## DATA EXCERPT:
Start of Block

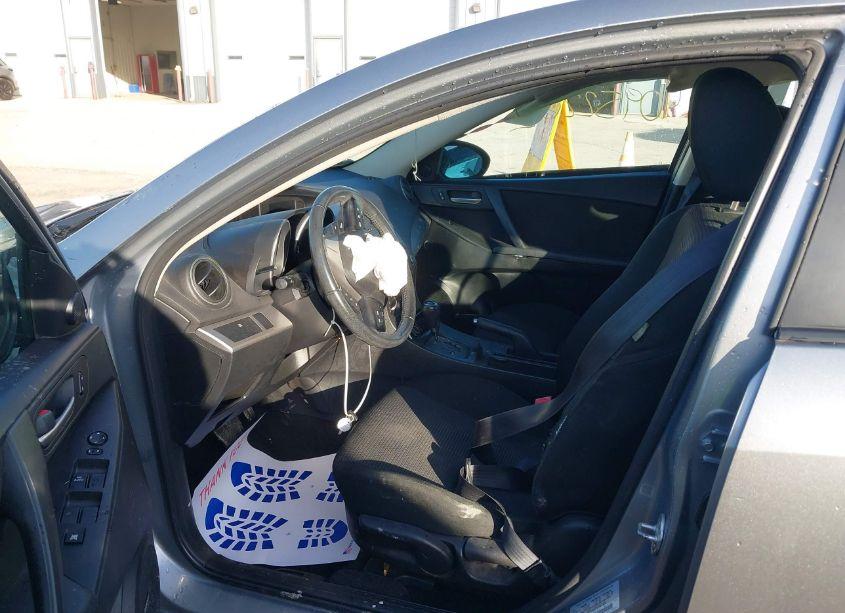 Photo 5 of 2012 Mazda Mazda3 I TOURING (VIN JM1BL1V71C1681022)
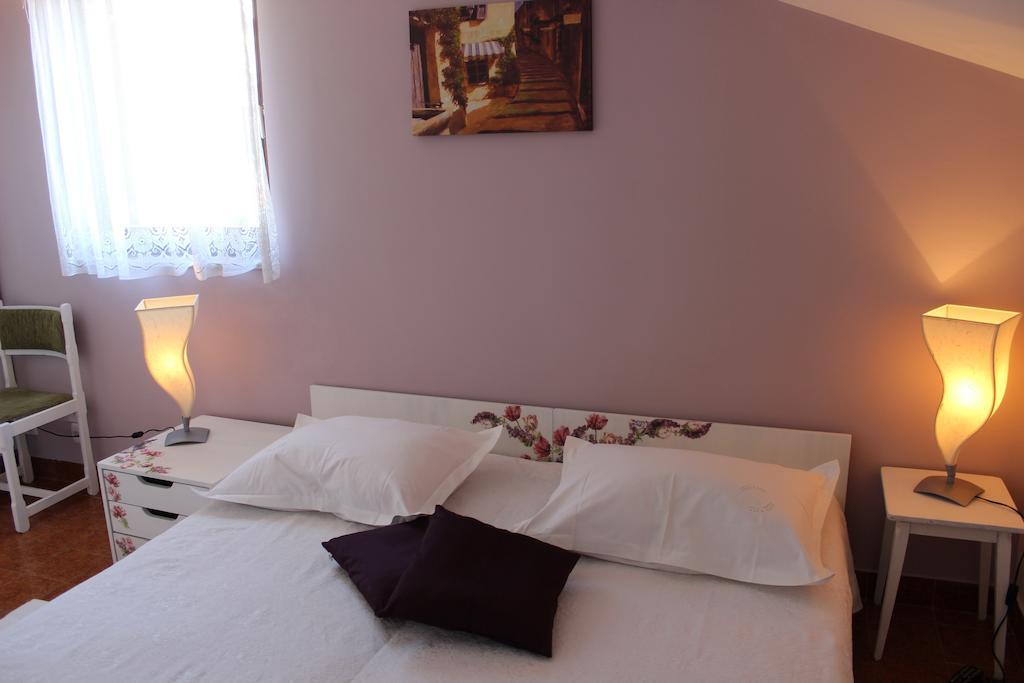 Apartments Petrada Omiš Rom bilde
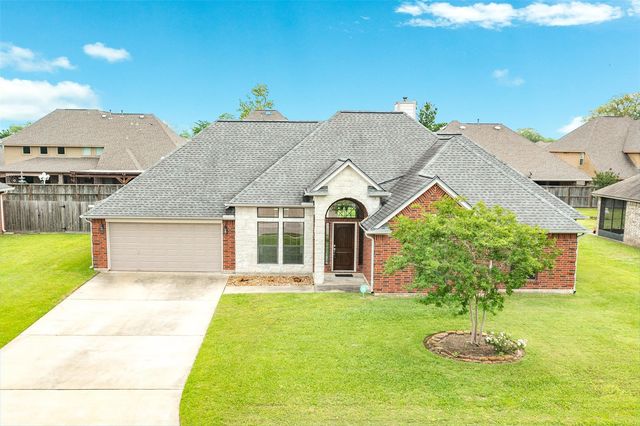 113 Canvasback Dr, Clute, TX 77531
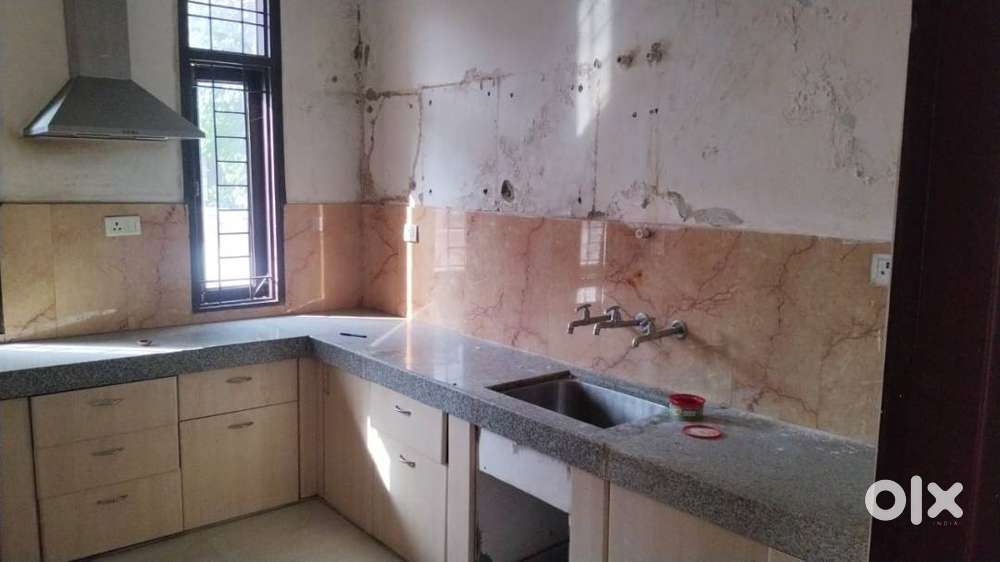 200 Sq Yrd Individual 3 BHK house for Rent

End of Block

Pictures are to be left out. Otherwise, copy the material above exactly.

## SOLVED PROBLEM:
 Photo 5 of 2012 Mazda Mazda3 I TOURING (VIN JM1BL1V71C1681022)
 Apartments Petrada Omiš Rom bilde
 113 Canvasback Dr, Clute, TX 77531
 200 Sq Yrd Individual 3 BHK house for Rent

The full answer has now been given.